We’ve discovered so much about each other because Dan is personable and makes a point of stopping by and checking on us about as much as he checks on Rudy.  Right now, he’s not directly involved in Rudy’s care but, like most around here, seems to keep tabs on the Norwood patient.  There have been a few days where he’s come by and made mention that he wasn’t actually on floor duty.  Before we could compliment him on his dedication he explained, “I only come up here because the tea is free and buying it downstairs everyday would be really expensive.”  Given my reputation in every place I’ve worked of making excuses to drop by offices with free coffee and tasty snacks, I applaud Dan.

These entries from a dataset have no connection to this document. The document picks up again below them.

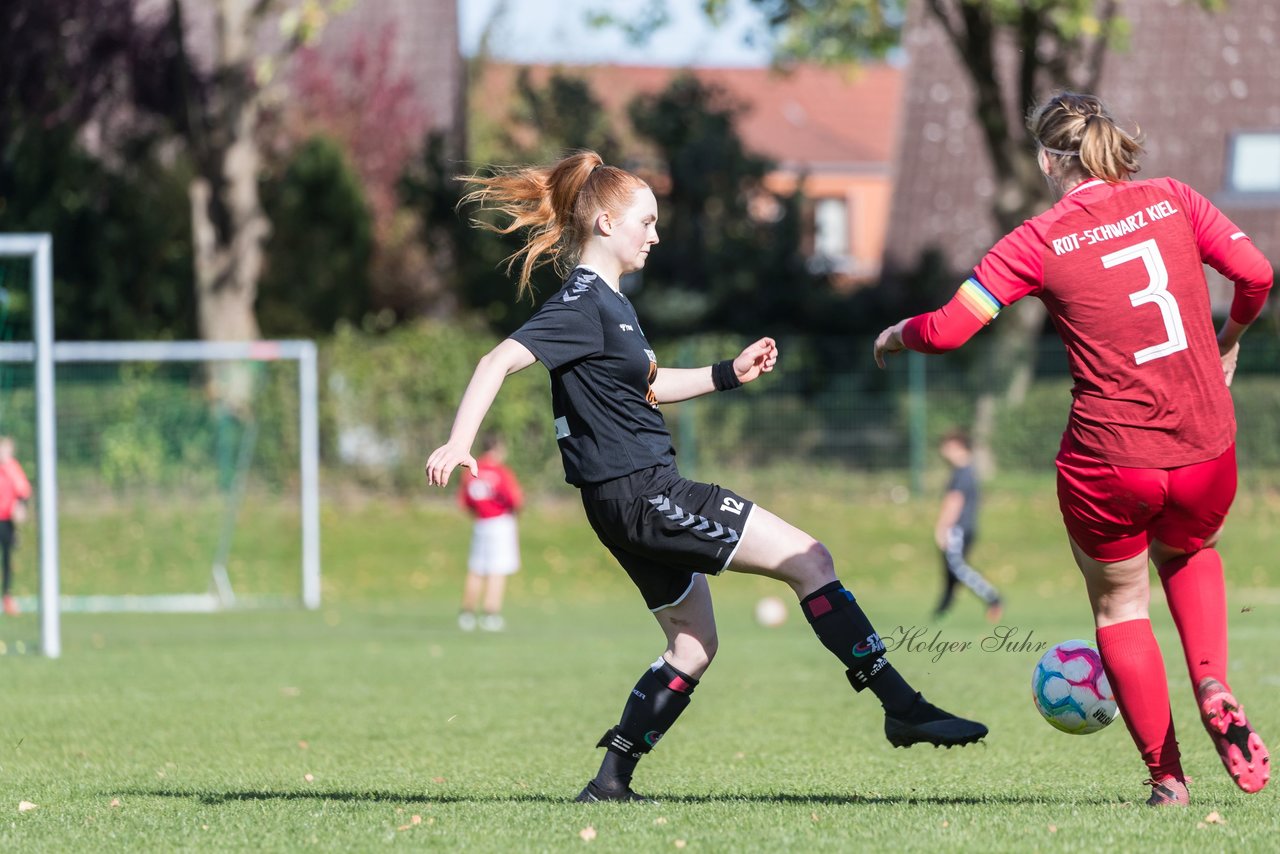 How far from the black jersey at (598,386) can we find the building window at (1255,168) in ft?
77.2

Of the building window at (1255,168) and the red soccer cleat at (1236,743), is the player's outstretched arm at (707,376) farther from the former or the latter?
the building window at (1255,168)

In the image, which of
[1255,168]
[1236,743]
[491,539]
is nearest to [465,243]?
[491,539]

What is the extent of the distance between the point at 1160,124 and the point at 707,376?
2720cm

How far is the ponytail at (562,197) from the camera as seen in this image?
567cm

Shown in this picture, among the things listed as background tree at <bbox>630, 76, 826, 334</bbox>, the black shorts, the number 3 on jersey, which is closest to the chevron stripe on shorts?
the black shorts

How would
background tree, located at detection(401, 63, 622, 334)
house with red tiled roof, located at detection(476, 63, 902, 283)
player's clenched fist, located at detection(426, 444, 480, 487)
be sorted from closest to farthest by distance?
player's clenched fist, located at detection(426, 444, 480, 487), background tree, located at detection(401, 63, 622, 334), house with red tiled roof, located at detection(476, 63, 902, 283)

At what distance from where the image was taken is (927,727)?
17.3 ft

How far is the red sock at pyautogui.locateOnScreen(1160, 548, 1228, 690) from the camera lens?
5306 mm

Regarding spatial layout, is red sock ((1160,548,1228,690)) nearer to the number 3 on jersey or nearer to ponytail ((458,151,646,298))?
the number 3 on jersey

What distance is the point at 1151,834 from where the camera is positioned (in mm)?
4871

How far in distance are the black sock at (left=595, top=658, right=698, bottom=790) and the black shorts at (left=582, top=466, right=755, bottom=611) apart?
41 cm

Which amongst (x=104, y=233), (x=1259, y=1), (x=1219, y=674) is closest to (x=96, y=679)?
(x=1219, y=674)

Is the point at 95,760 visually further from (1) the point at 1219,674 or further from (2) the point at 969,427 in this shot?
(2) the point at 969,427

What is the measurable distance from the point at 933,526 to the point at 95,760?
1627 cm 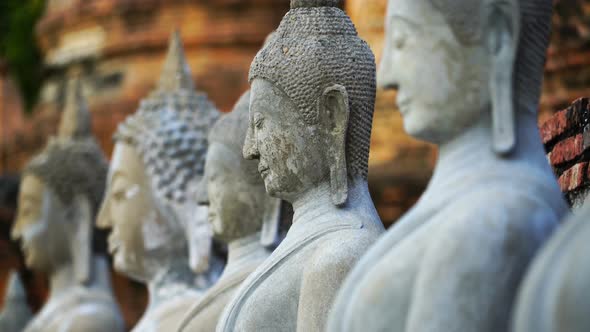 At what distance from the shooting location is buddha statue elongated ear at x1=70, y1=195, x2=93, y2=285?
10703mm

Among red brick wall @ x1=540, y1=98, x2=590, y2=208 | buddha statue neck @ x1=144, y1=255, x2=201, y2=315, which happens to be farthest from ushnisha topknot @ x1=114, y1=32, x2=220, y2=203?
red brick wall @ x1=540, y1=98, x2=590, y2=208

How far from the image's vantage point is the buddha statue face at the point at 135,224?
8945mm

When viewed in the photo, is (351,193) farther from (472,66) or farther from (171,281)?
(171,281)

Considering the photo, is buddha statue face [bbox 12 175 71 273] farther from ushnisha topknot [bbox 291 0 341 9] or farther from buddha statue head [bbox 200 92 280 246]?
ushnisha topknot [bbox 291 0 341 9]

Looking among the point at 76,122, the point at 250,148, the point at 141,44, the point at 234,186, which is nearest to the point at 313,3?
the point at 250,148

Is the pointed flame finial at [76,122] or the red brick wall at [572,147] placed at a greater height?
the red brick wall at [572,147]

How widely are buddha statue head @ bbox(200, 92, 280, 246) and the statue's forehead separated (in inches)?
98.9

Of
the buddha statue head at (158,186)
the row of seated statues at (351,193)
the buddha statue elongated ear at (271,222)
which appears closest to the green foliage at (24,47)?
the row of seated statues at (351,193)

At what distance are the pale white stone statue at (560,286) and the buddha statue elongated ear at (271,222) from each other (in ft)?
10.1

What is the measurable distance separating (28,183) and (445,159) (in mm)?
7202

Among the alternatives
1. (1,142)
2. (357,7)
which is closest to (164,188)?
(357,7)

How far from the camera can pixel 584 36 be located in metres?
12.1

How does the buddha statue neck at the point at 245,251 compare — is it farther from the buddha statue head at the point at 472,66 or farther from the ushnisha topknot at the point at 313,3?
the buddha statue head at the point at 472,66

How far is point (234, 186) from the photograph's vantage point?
7.15 metres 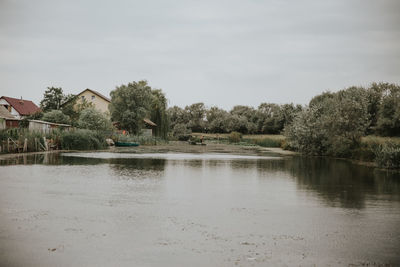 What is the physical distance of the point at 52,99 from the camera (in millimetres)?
64062

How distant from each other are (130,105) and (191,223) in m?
57.2

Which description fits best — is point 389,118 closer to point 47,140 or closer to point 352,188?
point 352,188

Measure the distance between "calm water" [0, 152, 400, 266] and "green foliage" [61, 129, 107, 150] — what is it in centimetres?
2367

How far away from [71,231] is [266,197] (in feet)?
25.9

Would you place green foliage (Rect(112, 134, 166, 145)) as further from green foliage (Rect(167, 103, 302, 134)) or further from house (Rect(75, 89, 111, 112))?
green foliage (Rect(167, 103, 302, 134))

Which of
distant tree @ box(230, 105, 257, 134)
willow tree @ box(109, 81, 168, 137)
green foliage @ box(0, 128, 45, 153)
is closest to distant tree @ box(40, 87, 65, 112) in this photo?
willow tree @ box(109, 81, 168, 137)

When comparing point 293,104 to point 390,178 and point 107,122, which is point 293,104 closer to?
point 107,122

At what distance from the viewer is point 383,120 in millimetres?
51281

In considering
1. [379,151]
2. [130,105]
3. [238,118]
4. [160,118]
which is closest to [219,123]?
[238,118]

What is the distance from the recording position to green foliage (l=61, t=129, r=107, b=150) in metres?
40.8

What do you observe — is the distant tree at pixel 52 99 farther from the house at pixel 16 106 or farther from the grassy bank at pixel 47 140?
the grassy bank at pixel 47 140

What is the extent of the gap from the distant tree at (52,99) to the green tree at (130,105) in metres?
8.38

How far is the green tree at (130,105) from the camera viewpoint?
65.4 m

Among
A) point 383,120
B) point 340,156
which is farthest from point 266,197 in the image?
point 383,120
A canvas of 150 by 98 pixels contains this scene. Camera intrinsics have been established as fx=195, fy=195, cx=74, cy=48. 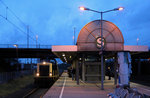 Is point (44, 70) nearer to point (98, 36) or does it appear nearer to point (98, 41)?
point (98, 41)

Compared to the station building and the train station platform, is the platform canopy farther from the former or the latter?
the train station platform

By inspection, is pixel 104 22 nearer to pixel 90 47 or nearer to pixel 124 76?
pixel 90 47

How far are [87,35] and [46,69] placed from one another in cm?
670

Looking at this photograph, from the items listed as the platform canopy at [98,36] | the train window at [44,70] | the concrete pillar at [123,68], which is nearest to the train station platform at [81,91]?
the concrete pillar at [123,68]

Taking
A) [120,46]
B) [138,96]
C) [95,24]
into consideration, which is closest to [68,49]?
[95,24]

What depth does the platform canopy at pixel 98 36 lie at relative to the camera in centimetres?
2098

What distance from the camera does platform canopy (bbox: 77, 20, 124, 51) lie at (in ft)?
68.8

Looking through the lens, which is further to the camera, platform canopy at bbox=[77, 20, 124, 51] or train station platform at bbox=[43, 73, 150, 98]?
platform canopy at bbox=[77, 20, 124, 51]

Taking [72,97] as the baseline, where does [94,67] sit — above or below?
above

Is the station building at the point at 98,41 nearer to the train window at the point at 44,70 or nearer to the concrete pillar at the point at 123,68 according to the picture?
the train window at the point at 44,70

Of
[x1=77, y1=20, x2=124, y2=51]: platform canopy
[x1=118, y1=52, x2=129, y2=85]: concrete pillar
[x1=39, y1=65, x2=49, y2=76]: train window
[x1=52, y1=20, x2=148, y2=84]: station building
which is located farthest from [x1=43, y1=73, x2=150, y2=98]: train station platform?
[x1=39, y1=65, x2=49, y2=76]: train window

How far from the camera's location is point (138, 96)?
22.9ft

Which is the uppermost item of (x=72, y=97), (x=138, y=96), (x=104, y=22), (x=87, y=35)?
(x=104, y=22)

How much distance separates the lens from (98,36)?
21.1 meters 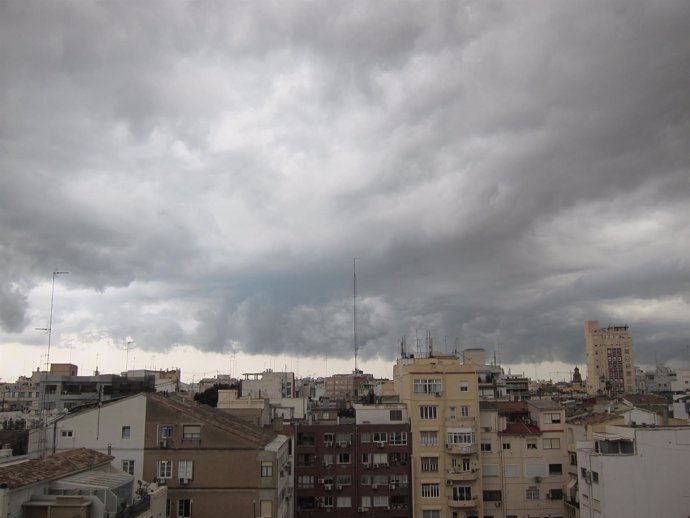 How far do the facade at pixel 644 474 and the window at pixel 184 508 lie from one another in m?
35.9

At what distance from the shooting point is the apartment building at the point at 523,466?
7775 cm

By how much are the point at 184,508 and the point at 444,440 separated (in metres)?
36.6

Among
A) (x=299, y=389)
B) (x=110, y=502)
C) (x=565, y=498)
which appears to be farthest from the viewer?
(x=299, y=389)

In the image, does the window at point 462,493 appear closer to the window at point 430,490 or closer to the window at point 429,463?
the window at point 430,490

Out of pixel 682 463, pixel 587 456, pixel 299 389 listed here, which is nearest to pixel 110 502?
pixel 587 456

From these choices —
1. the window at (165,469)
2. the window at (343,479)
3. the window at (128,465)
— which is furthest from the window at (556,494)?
the window at (128,465)

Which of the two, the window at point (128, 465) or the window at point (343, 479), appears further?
the window at point (343, 479)

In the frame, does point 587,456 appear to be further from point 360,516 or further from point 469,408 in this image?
point 360,516

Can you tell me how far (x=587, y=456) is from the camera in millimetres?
61719

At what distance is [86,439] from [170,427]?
6.97 meters

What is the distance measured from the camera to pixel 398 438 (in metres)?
78.8

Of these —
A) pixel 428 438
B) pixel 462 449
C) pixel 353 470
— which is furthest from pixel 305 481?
pixel 462 449

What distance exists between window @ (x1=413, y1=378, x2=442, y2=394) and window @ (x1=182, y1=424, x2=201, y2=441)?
113ft

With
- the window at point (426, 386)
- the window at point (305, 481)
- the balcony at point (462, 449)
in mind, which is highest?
the window at point (426, 386) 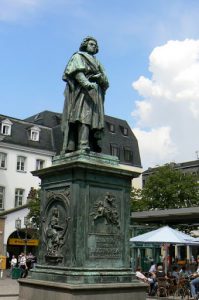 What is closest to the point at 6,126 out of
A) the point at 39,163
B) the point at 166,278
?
the point at 39,163

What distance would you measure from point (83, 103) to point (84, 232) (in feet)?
7.72

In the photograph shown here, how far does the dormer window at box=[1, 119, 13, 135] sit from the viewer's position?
44569 mm

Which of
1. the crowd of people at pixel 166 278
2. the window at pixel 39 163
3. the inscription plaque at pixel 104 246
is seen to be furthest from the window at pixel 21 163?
the inscription plaque at pixel 104 246

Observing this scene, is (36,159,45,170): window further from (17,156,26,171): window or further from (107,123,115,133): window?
(107,123,115,133): window

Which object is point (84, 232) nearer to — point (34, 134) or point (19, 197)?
point (19, 197)

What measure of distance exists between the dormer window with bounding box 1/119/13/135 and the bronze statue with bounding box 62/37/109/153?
36.0m

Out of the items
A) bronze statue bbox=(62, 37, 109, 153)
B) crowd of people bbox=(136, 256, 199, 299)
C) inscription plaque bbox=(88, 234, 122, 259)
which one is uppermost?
bronze statue bbox=(62, 37, 109, 153)

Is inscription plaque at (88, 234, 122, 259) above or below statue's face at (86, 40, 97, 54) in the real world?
below

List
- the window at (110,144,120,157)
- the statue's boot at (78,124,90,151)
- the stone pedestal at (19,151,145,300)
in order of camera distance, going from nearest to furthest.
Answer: the stone pedestal at (19,151,145,300) < the statue's boot at (78,124,90,151) < the window at (110,144,120,157)

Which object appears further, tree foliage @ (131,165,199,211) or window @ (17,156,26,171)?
window @ (17,156,26,171)

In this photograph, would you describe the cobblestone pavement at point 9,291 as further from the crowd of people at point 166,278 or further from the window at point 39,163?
the window at point 39,163

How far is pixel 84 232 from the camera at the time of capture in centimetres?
817

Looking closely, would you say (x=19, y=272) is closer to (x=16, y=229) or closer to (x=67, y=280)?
(x=16, y=229)

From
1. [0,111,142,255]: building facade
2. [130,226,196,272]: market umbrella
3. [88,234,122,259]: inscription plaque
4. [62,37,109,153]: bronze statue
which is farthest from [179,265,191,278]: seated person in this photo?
[0,111,142,255]: building facade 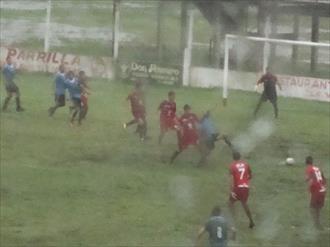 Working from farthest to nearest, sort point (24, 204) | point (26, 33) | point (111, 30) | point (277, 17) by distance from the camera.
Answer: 1. point (26, 33)
2. point (111, 30)
3. point (24, 204)
4. point (277, 17)

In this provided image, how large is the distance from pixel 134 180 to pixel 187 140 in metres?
1.07

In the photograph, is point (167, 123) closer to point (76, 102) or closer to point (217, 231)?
point (76, 102)

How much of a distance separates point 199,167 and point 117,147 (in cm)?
159

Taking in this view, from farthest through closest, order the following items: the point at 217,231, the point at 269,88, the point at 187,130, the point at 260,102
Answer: the point at 260,102, the point at 269,88, the point at 187,130, the point at 217,231

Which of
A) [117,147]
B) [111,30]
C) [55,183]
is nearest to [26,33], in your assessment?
[111,30]

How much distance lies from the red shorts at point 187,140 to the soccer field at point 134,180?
31cm

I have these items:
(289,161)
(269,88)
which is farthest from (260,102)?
(289,161)

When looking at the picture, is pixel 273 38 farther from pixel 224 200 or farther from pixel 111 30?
pixel 111 30

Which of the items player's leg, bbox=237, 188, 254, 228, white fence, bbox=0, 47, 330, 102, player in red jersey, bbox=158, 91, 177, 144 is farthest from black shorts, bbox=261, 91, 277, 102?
player's leg, bbox=237, 188, 254, 228

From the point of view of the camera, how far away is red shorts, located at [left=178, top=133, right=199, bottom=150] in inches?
550

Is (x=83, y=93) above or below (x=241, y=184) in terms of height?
above

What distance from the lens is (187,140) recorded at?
552 inches

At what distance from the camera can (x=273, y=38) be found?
54.1 ft

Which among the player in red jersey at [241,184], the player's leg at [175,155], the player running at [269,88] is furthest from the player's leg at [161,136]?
the player in red jersey at [241,184] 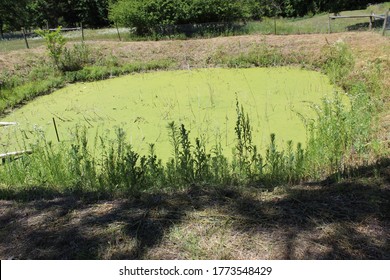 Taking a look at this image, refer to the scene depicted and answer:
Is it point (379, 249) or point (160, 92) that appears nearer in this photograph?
point (379, 249)

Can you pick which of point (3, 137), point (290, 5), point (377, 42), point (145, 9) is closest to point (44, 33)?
point (145, 9)

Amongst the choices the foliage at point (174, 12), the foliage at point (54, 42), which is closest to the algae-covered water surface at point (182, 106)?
the foliage at point (54, 42)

As Monday was a particularly rough day that left us unsettled, Trish and I were touched that he made a point of stopping in quickly just to offer some empathy stating “I don’t want to come by when things are only going well”.  In the years ahead, his specialty of heart catheterization will have him involved with some of Rudy’s key procedures down the line.  We’re grateful that coming back to UCLA for these will not only be a chance to receive excellent care, but a chance to see a friend.


A Wonderfully Boring Day

Our prayer for a calm day was answered today.  Rudy was calm all day, blood pressure stayed right where it was supposed to without any meds and fluid continued to drain.  The team has been progressively turning down the ventilator every four hours and overall he’s handling that well.  There have been about three episodes where his breathing gets rapid and shallow–usually when we’re talking or up close to the bed.  But while he wasn’t able to recover from these over the weekend, today he was able to slow his breathing down.  As I write this, he’s on the high side (75 bpm), so I’m quietly praying that number down.  The alarm goes off around 80, we’d love to see it in the 30s.  Ahhh, just crossed down into the high 60s.  Now my own breathing is slowing…

Assuming his progress continues, we are probably looking at another week on the ventilator.  If all remains calm tonight, I’ll come to the hospital to wish Rudy a happy three-week birthday and will then make the run up to Santa Barbara for a couple days.  The kids have been such troopers (not to mention Oma and Opa), so it will be good to have time with them at home, walk them to school and cheer on Max at his flag football game.  It will be good to sleep in my own bed and see a few familiar faces in the office and around town.

The breaths per minute have fallen down to 57 right now…sweet!